Reading
from “Our Posthuman Future; Consequences of the Biotechnology Revolution,”
by Francis Fukuyama
I was born in 1952, right in the middle of the American baby boom. For any person
growing up as I did in the middle decades of the twentieth century,
the future and its terrifying possibilities were defined by two books,
George Orwell’s 1984 (first published in 1949) and Aldous Huxley’s Brave
New World (published in 1932).
The two books were far more prescient than anyone realized at the time, because
they were centered on two different technologies that would in fact
emerge and shape the world over the next two generations. The novel
1984 was about what we now call information technology: central to the
success of the vast, totalitarian empire that had been set up over Oceania
was a device called the telescreen, a wall-sized flat-panel display
that could simultaneously send and receive images from each individual
household to a hovering Big Brother. The telescreen was what permitted
the vast centralization of social life under the Ministry of Truth and
the Ministry of Love. …
Brave New World, by contrast, was about the other big technological revolution
about to take place, that of biotechnology. … the hatching of people
not in wombs but, as we now say, in vitro; the drug soma, which gave
people instant happiness; the Feelies, in which sensation was simulated
by implanted electrodes; and the modification of behavior through constant
subliminal repetition and, when that didn’t work, through the administration
of various artificial hormones. …
With at least half a century separating us from the publication
of these books, we can see that while the technological predictions
they made were startlingly accurate, the political predictions of the
first book, 1984, were entirely wrong. The year 1984 … say the introduction
of a new model of the IBM personal computer and the beginning of what
became the PC revolution. … the personal computer, linked to the Internet,
was in fact the realization of Orwell’s telescreen. But instead of becoming
an instrument of centralization and tyranny, it led to just the opposite:
the democratization of access to information and the decentralization
of politics. … Just five years after 1984, … the Soviet Union and its
empire collapsed, and the totalitarian threat that Orwell had so vividly
evoked vanished. …
The political prescience of … Brave New World, remains to be seen.

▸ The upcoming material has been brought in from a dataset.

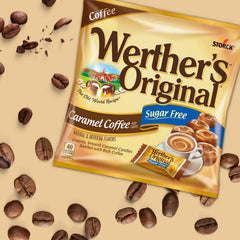 Werther's Original close-up textura del caramelo que destaca cremosidad y brillantez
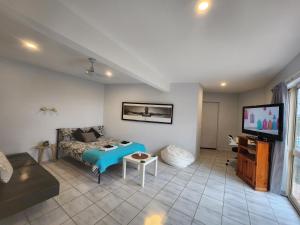 a living room with a couch and a tv at Self Contained Guesthouse for 6+ w/Pool in Gold Coast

Many of the technologies that Huxley envisioned, like in vitro fertilization,
surrogate motherhood, psychotropic drugs, and genetic engineering for
the manufacture of children, are already here or just over the horizon.

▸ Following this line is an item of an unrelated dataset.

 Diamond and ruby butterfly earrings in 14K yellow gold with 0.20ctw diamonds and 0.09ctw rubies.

But this revolution has only just begun; the daily avalanche of announcements
of new breakthroughs in biomedical technology and achievements and achievements
such as the completion of the Human Genome Project in the year 2000
portend much more serious changes to come.
Of the nightmares evoked by these two books, Brave New World’s always struck
me as more subtle and more challenging. It is easy to see what’s wrong
with the world of 1984 … .
In Brave New World, by contrast, the evil is not so obvious because no one is
hurt; indeed, this is a world in which everyone gets what they want.

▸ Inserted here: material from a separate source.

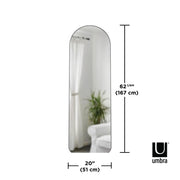UMBRA - Hubba Arched Leaning & Wall Mirror _ Metallic-Titanium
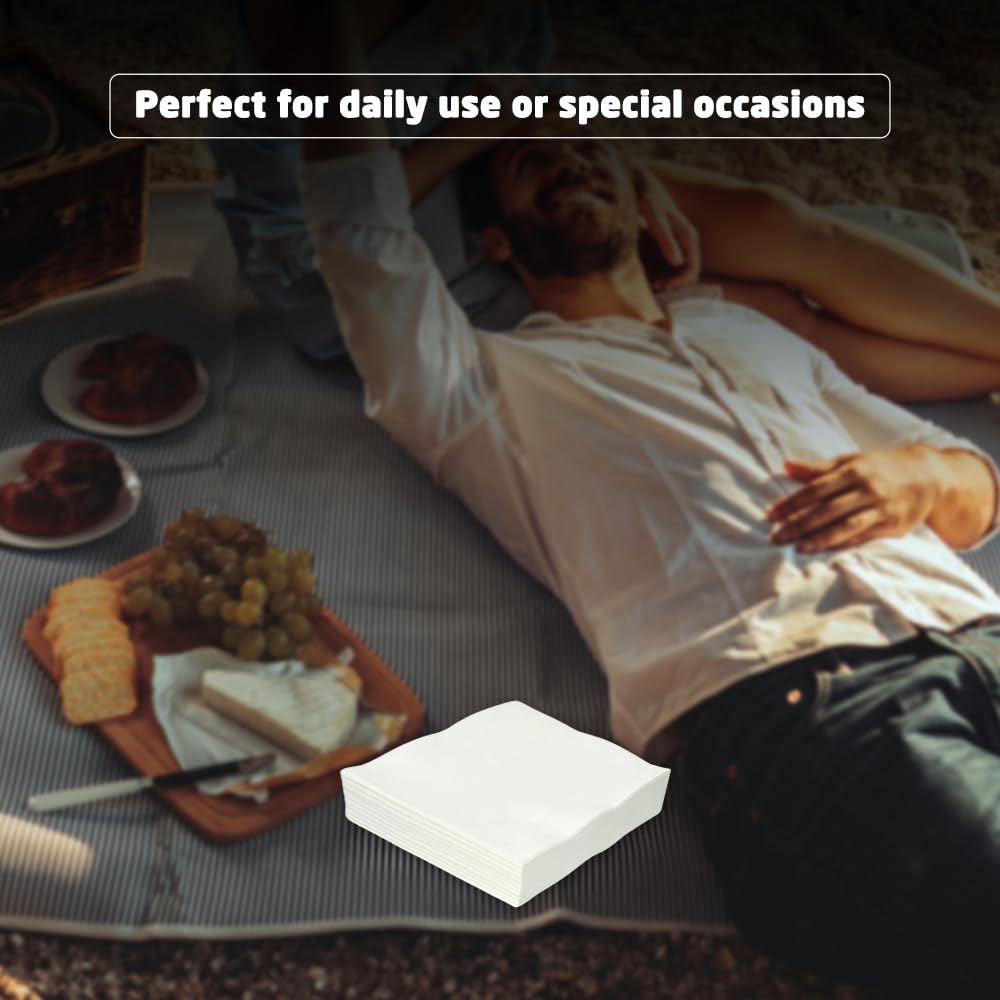 1ABOVE 100 Pack White Paper Napkins 30x30cm 1-Ply Soft and Absorbent 5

… There is even a government ministry to ensure that the length of time
between the appearance of a desire and its satisfaction is kept to a
minimum. …
Since the novel’s publication, there have probably been several million high
school essays written in answer to the question, “What’s wrong with
this picture?” The answer given … usually runs something like this:
the people in Brave New World may be healthy and happy, but they have
ceased to be human beings. They no longer struggle, aspire, love, feel
pain, make difficult moral choices, have families, or do any of the
things that we traditionally associate with being human. They no longer
have the characteristics that give us human dignity. Indeed, there is
no such thing as the human race and longer, since they have been bred
by the Controllers into separate castes of Alphas, Betas, Epsilons,
and Gammas. … Huxley is telling us, in effect that we should continue
to feel pain, be depressed or lonely, or suffer from debilitating disease,
all because that is what human beings have done for most of their existence
as a species. Certainly, no one ever got elected to Congress on such
a platform. Instead of taking these characteristics and saying that
they are basic for “human dignity,” who don’t we simply accept our destiny
as creatures who modify themselves?
Huxley suggests that one source for a definition of what it means to be a human
being is religion.
Meditation
All is a circle within me,
I am ten thousand winters old.
I am as young as a newborn flower.
I am a buffalo in its grave.
I am a tree in bloom.
All is a circle within me.
I have seen the world through an eagle’s eye.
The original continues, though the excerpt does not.